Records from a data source

•••••

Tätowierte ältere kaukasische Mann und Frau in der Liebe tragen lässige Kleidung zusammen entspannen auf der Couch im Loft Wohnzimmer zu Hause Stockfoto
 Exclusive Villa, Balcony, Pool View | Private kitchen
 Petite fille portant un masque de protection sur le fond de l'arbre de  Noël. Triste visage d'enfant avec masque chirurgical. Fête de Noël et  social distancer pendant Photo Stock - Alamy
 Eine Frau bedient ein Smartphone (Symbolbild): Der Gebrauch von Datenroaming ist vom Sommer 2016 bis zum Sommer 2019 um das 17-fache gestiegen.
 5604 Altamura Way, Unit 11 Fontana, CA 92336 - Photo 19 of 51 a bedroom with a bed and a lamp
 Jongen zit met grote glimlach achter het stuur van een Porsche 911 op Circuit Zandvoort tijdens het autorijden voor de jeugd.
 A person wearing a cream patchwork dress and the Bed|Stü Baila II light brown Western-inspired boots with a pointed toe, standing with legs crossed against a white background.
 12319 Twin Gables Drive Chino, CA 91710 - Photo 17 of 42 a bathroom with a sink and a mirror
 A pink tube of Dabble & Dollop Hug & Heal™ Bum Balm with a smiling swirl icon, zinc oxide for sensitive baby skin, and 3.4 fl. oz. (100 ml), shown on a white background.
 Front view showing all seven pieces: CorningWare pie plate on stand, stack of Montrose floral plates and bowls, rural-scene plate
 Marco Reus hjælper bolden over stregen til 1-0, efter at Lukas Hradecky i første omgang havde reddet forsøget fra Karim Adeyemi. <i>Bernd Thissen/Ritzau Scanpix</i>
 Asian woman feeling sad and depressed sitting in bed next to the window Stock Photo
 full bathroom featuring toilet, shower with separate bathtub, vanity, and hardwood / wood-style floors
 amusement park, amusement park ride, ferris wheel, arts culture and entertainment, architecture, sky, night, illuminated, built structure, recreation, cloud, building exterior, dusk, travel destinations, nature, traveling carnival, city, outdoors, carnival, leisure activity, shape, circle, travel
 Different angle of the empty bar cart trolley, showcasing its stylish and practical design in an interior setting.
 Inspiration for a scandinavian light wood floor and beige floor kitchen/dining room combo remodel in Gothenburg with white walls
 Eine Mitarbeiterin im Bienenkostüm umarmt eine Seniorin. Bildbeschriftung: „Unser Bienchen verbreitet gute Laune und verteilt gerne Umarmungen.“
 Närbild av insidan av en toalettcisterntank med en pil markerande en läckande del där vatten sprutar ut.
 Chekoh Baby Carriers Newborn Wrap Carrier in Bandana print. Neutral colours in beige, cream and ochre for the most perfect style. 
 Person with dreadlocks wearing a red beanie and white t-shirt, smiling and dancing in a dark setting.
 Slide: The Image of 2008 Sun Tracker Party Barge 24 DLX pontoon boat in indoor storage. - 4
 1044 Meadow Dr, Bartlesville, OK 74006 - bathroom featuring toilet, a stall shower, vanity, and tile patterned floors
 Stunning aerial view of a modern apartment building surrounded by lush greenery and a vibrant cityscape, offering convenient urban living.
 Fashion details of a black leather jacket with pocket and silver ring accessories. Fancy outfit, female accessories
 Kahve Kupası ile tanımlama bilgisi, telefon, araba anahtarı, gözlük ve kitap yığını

•••••

◆ PROBLEM DESCRIPTION ◆
What is needed is every line of the records that contains the word "kitchen".

◆ EXERCISE SOLUTION ◆
 Exclusive Villa, Balcony, Pool View | Private kitchen
 Inspiration for a scandinavian light wood floor and beige floor kitchen/dining room combo remodel in Gothenburg with white walls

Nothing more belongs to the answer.